Sensor for Formalin Detection in Fish | 28 Dec 2023

Source: PIB

Why in News?

A team of researchers from Guwahati University, Assam, has developed a new sensor made of a metal oxide-reduced graphene oxide(metal oxide- rGO) composite that can detect formalin adulteration in fishes at room temperature in a non-invasive way.

Note

  • Food adulteration is the practice of adding illegal or harmful substances to food to make it appear more appealing or to increase its shelf life.
  • Formaldehyde is a colourless, pungent gas that is used in a variety of industrial processes, including as a preservative in some foods, commonly in fish in developing countries.
    • However, the use of formaldehyde in food is illegal in many countries, as it is a known carcinogen.

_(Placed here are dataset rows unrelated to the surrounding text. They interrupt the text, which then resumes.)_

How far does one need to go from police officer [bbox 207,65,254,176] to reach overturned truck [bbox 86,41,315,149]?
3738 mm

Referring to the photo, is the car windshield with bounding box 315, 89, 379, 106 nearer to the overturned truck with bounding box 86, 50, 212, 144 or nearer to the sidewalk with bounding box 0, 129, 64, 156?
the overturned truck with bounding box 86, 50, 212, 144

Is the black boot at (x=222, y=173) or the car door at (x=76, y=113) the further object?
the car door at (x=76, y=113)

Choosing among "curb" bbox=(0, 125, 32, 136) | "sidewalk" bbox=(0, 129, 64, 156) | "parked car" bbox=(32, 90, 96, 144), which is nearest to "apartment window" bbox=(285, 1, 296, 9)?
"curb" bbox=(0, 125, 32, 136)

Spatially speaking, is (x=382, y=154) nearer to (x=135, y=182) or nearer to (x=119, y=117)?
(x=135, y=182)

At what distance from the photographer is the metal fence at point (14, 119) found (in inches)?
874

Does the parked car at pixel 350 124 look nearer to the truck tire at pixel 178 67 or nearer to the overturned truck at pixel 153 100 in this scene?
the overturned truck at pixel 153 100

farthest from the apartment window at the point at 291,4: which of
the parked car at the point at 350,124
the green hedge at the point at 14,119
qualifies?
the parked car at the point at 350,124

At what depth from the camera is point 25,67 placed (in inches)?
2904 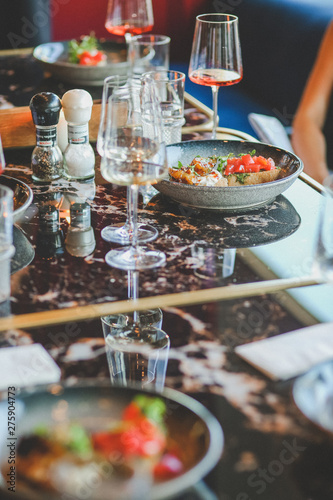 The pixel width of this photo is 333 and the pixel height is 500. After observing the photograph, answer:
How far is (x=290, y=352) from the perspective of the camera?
85 centimetres

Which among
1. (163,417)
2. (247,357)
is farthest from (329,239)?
(163,417)

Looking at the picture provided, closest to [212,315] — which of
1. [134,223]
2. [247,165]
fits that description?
[134,223]

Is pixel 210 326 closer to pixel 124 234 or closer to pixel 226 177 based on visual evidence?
pixel 124 234

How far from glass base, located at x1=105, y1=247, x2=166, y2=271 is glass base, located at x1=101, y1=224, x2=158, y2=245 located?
36 millimetres

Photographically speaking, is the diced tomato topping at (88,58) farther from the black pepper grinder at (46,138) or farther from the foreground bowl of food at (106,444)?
the foreground bowl of food at (106,444)

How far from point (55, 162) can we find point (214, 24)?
1.64 feet

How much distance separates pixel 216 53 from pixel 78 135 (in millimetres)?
402

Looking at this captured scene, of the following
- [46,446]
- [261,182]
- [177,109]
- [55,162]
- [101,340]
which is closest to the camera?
[46,446]

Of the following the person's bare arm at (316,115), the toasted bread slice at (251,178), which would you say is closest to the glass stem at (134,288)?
the toasted bread slice at (251,178)

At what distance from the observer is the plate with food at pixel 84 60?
218 cm

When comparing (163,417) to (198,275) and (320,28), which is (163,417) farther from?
(320,28)

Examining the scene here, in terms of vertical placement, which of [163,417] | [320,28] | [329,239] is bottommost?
[320,28]

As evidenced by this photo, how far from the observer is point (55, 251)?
3.63 feet

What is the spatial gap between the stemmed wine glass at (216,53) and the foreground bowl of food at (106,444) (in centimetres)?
104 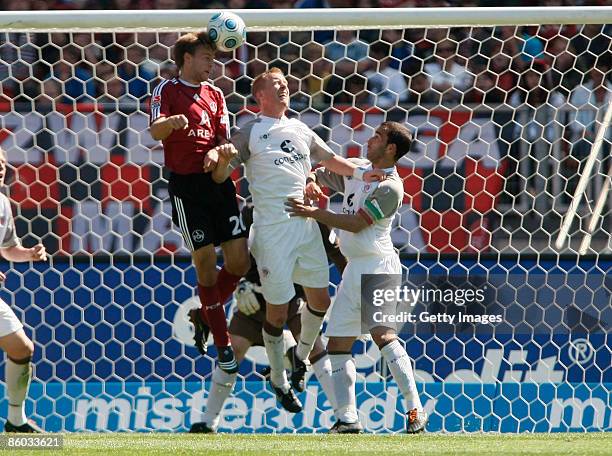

What are the Key Facts of the Metal oxide- rGO Sensor?

  • About:
    • The sensor used Graphene(material that is extracted from graphite) oxide (GO) and tin oxide-reduced graphene oxide composite (rGO-SnO2) to detect formalin in adulterated fishes.
    • The sensor is low-cost, non-invasive, and selective, and can be used to prevent food adulteration and protect consumers.
  • Need:
    • Traditional formalin sensors for fish are either expensive electrochemical-based or less costly but invasive colorimetric-based methods.
      • Both face issues of low-level and selective detection.
  • Working Procedure:
    • GO, the oxidized form of graphene, initially poses a challenge due to low electrical conductivity.
      • To overcome GO's limitations, scientists developed a composite called tin oxide-reduced graphene oxide (rGO-SnO2) with enhanced properties.
    • The reduced graphene oxide provides high solution processability and ease of chemical modification with other materials, while the tin oxide offers high stability and sensitivity to low concentrations of formaldehyde.
    • The sensor, crafted from tin oxide (SnO2) decorated Reduced graphene oxide (rGO), demonstrates effective sensing of formaldehyde vapour at room temperature.
      • rGO is known for detecting toxic gasses, while SnO2 excels in formaldehyde detection. The combination maximizes their strengths.
    • The designing of the prototype is in process in the lab which may be regarded as a breakthrough in the field of food adulteration.